As one of the more Isilon-centric vSpecialists at EMC, I see a lot of questions about leveraging Isilon NFS in vSphere environments. Most of them are around the confusion of how SmartConnect works and the load balancing/distribution it provides.
Not too long ago, a question arose around mounting NFS exports from an Isilon cluster, and the methods to go about doing that.
Duncan Epping published an article recently titled How does vSphere recognize an NFS datastore?
I am not going to rehash Duncan’s content, but suffice to say, a combination of the target NAS (by IP, FQDN, or short name) and a complete NFS export path are used to create the UUID of an NFS datastore. As Duncan linked in his article, there is another good explanation by the NetApp folks here: NFS Datastore UUIDs: How They Work, and What Changed In vSphere 5
Looking back at my Isilon One Datastore or Many post, there are a couple ways to mount NFS presented datastores from an Isilon cluster if vSphere 5 is used. Previous versions of vSphere are limited to a single datastore per IP address and path.
Using vSphere 5, one of the recommended methods is to use a SmartConnect Zone name in conjunction with a given NFS export path.
In my lab, I have 3 Isilon nodes running OneFS 7.0, along with 3 ESXi hosts running vSphere 5.1. The details of the configuration is:
- Isilon Cluster running OneFS 7.0.1.1
- SmartConnect Zone with the name of mavericks.vlab.jasemccarty.com
- SmartConnect Service IP of 192.168.80.80
- Pool0 with the range of 192.168.80.81-.83 & 1 external interface for each node
- SmartConnect Advanced Connection Policy is Connection Count
- NFS export with the following path
- /ifs/nfs/nfsds1
- vCenter Server 5.1 on Windows 2008 R2 with Web Client
- 3 ESXi hosts running vSphere 5.1
A quick note about the mount point I am using… By default an Isilon cluster provides the /ifs NFS export. I typically create folders underneath the /ifs path, and export them individually. I’m not 100% certain on VMware’s support policy on mounting subdirectories from an export, but I’ve reached out to Cormac Hogan for some clarification. Update: After speaking w/Cormac, VMware’s stance is support is provided by the NAS vendor. Isilon supports mounting subdirectories under the /ifs mount point. Personally, I have typically created multiple mount points giving me additional flexibility.

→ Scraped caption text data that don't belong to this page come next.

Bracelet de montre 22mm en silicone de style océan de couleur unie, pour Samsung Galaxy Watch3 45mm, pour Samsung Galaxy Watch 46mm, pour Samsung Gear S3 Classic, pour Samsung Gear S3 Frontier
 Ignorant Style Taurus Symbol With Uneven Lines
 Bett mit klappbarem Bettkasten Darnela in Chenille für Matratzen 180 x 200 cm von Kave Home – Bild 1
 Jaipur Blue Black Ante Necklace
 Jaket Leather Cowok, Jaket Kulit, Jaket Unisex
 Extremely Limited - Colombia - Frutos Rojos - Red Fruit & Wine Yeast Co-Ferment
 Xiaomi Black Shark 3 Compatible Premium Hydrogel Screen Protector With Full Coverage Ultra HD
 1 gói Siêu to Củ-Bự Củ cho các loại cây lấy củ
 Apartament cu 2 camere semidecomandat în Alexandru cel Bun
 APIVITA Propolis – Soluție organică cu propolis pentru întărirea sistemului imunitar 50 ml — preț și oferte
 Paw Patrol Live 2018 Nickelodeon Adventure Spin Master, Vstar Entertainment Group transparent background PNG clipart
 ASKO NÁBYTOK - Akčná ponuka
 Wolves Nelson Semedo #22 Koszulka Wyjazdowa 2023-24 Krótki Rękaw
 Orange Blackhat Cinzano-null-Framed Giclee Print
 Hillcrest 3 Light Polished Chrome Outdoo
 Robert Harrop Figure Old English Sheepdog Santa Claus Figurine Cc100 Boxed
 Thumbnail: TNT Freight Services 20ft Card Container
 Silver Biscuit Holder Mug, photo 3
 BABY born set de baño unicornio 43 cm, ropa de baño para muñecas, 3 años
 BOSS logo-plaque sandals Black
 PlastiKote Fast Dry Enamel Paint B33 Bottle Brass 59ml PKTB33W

One of the biggest issues when mounting NFS datastores (as Duncan mentioned in his post), is ensuring the name (IP/FQDN) and Path (NFS Export) are named the same across all hosts. **Wake up call for those using the old vSphere Client- It is easier from the Web Client.**
If I mount the SmartConnect Zone Name (mavericks.vlab.jasemccarty.com) and my NFS mount (/ifs/nfs/nfsds1) it would look something like this:
Begin by adding the datastore to the cluster (Named HA here)
Give the datastore a name (mavericks-ds1) in this case.
Select NFS as the type of datastore
Provide the SmartConnect Zone name as the Server, and the NFS Export as the Folder
Select all hosts in the cluster to ensure they all have the datastore mounted
(this will ensure they see the same name)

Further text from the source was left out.